Here, we present the observation of experimental signatures consistent with various interaction-driven phases in biased Bernal bilayer graphene. At hole doping, trigonal warping is very pronounced, leading to regions with annular Fermi surfaces [1]. Our observations include the fractional metals of Stoner type. More prominently, we have found competing nontrivial insulating and metallic phases that exhibit intriguing temperature dependences and nonlinear I-V characteristics at zero magnetic fields.

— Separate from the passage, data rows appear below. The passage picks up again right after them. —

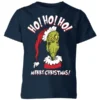 Dr. Seuss The Grinch Ho Ho Ho Kids Christmas T-Shirt - Navy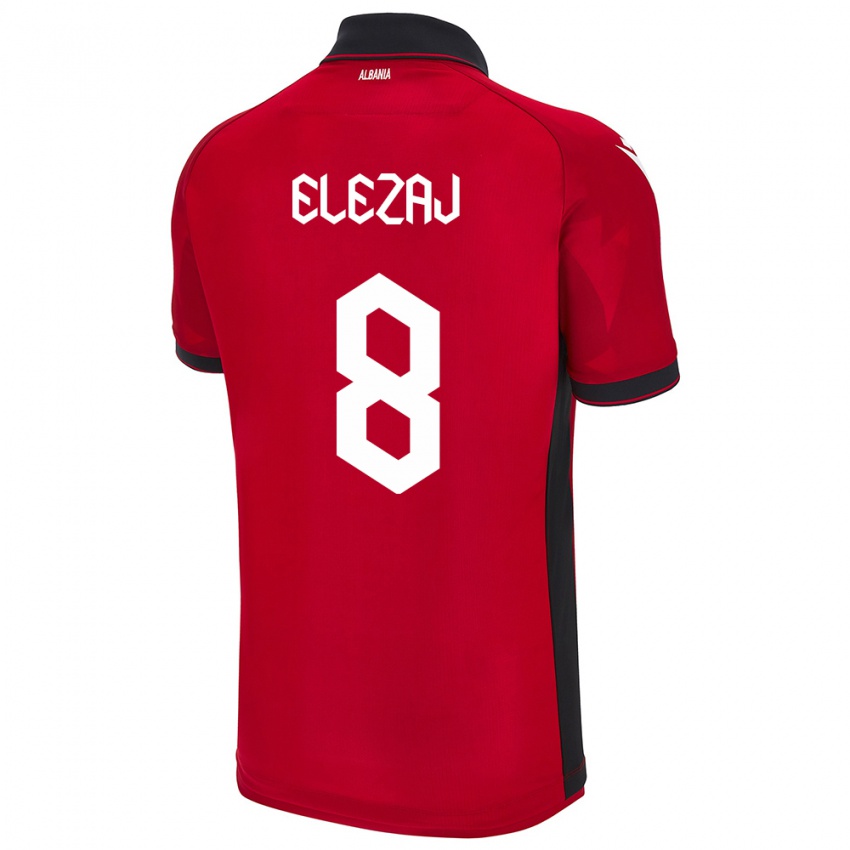 Hombre Camiseta Albania Endrina Elezaj #8 Rojo 1ª Equipación 24-26 La Camisa Perú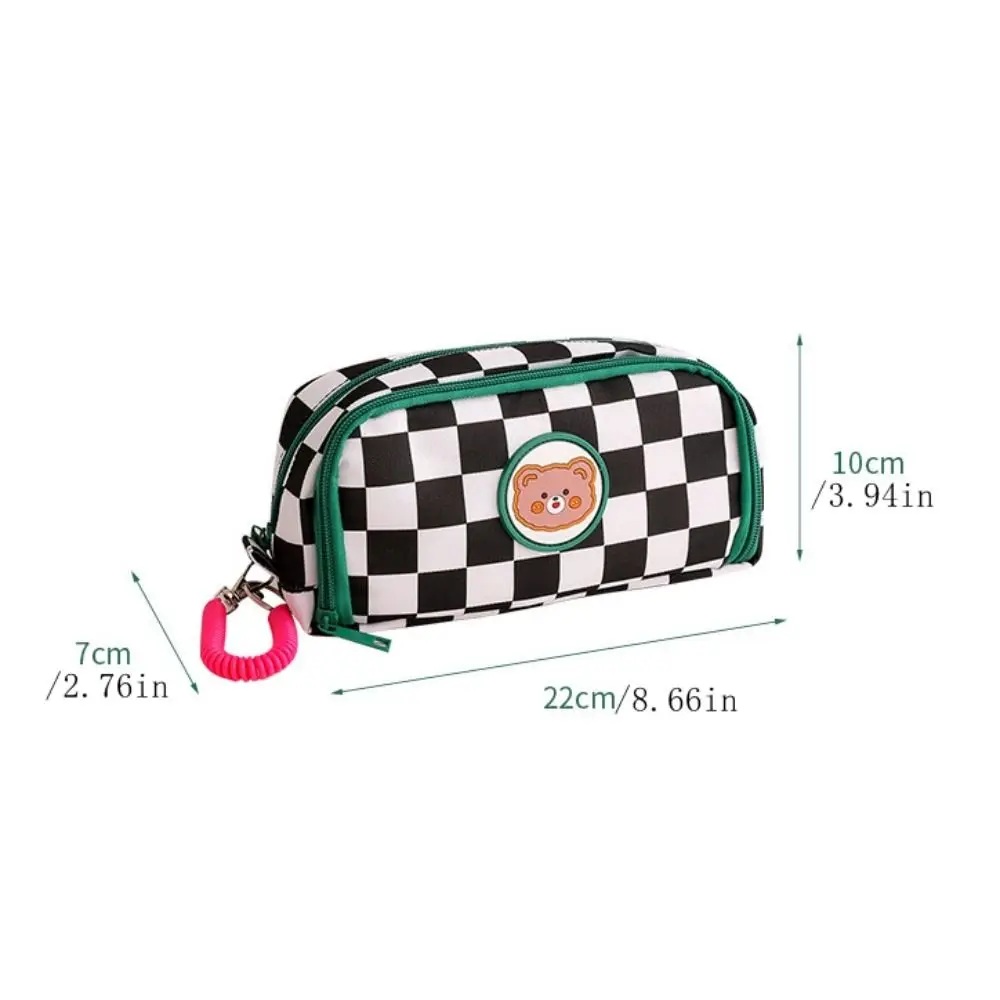 Multifuncional Checkerboard Pencil Case Canvas Large Capacity Pencil Bag Cartoon Cute Stationery Storage Bag Student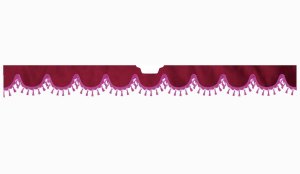 Suitable for Scania*: S (2016-...) Suede look Windscreen border with bobble - with cut-out Windscreen fitting sensor pink shape form bordeaux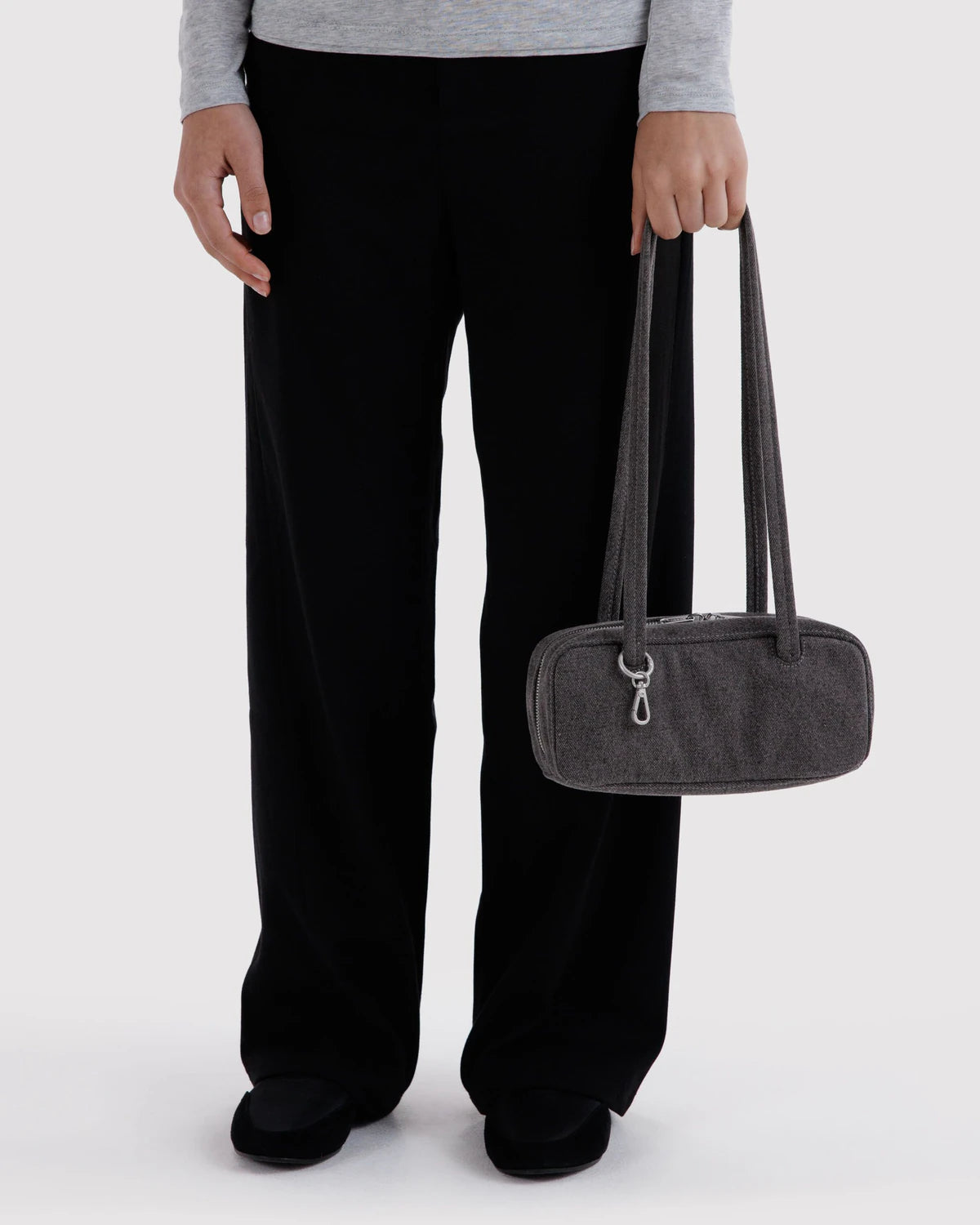 BAGGU Small Denim Bowler Bag - Washed Black Denim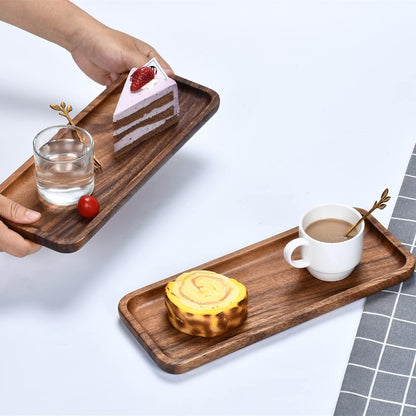 Acacia Wooden Tray Western Food Hotel Tray Tea Tray Fruit Plate Nut Plate Food Bread Tray Rectangular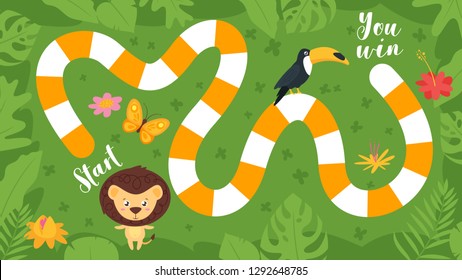 Vector cartoon style illustration of kids tropic jungle board game with cute wild animals - lion and toucan. Template for print.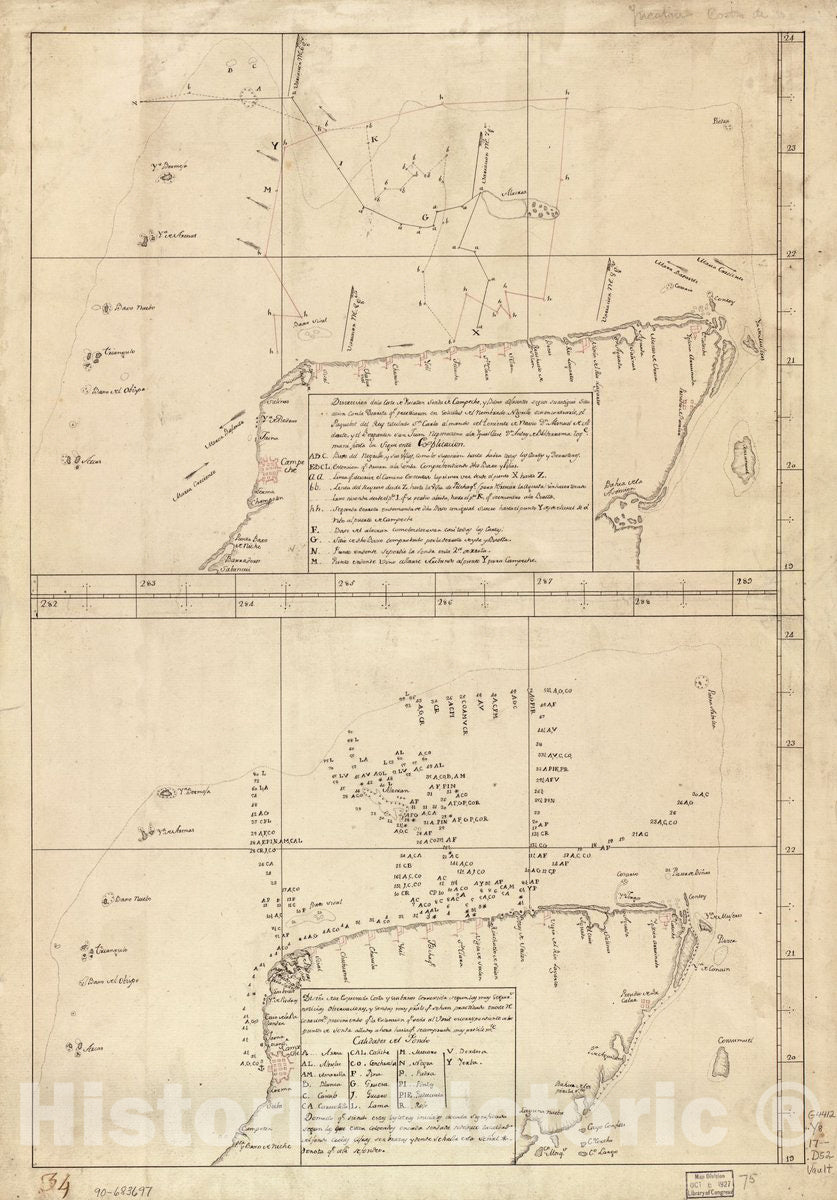 Historic 1700 Map - Map Showing Coast of Northern Yucatán Peninsula 2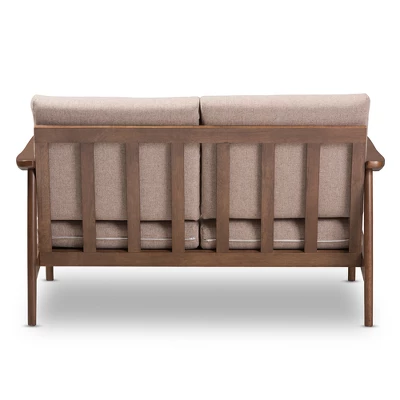 Venza Mid-Modern Walnut Wood Fabric Upholstered 2 Seater Loveseat Light Brown - Baxton Studio - Image 3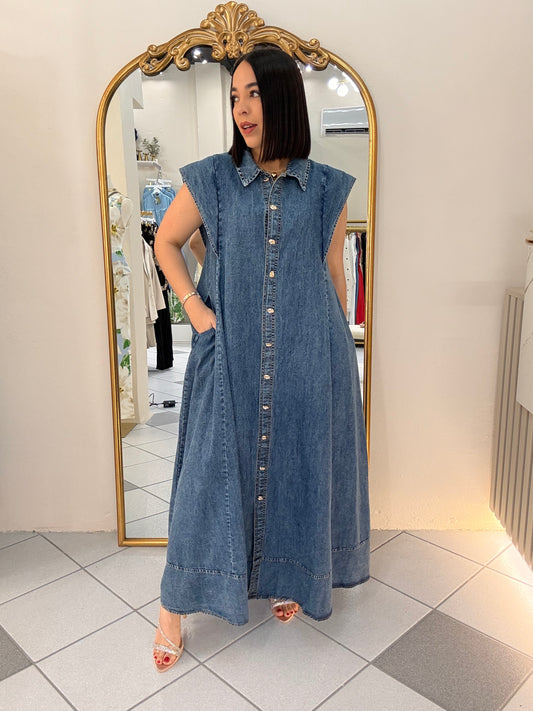 AINARA  DENIM DRESS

In addition, we report a novel interaction-driven behaviour in the Stoner phases in the electron-doped regime of biased Bernal bilayer graphene in which the energy bands are even flatter and the region of the annular Fermi surface is neglectable [2]. Specifically, we find that the spin- and valley-polarized Stoner phases in this regime exhibit an insulator-like temperature dependence on the conductance. This unexpected behaviour challenges the conventional picture of metallic Stoner magnetism in this system. Furthermore, these Stoner phases feature a nonlinear transport behaviour that is sensitive to the onsets of the Stoner orders. Our results suggest the emergence of exotic correlated orders beyond Stoner ferromagnetism, such as charge density waves or Wigner crystal states.
[1] Anna M. Seiler, Fabian R. Geisenhof, Felix Winterer, Kenji Watanabe, Takashi Taniguchi, Tianyi Xu, Fan Zhang, R. Thomas Weitz. Quantum cascade of correlated phases in trigonally warped bilayer graphene. Nature 608, 298-302 (2022)
[2] Anna M. Seiler, Martin Statz, Isabell Weimer, Nils Jacobsen, Kenji Watanabe, Takashi Taniguchi, Zhiyu Dong, Leonid S. Levitov, R. Thomas Weitz. Interaction-driven (quasi-) insulating ground states of gapped electron-doped bilayer graphene. arXiv:2308.00827 (2023)